──────── Information shown
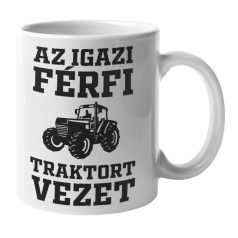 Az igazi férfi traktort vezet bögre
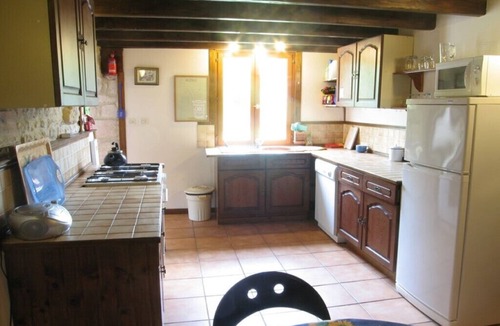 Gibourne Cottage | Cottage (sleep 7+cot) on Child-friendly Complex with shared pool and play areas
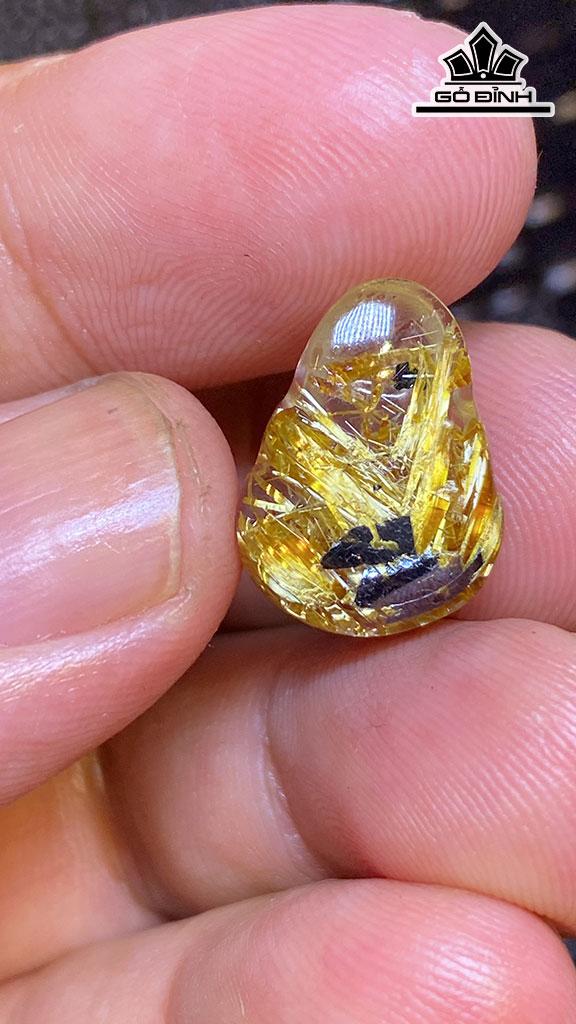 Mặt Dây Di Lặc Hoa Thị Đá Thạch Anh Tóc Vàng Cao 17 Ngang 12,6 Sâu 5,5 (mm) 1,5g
────────────────
→ **Goal of the exercise**
The answer should be the complete listing, set down exactly, without pictures.

→ **Result for this exercise**
 Az igazi férfi traktort vezet bögre
 Gibourne Cottage | Cottage (sleep 7+cot) on Child-friendly Complex with shared pool and play areas
 Mặt Dây Di Lặc Hoa Thị Đá Thạch Anh Tóc Vàng Cao 17 Ngang 12,6 Sâu 5,5 (mm) 1,5g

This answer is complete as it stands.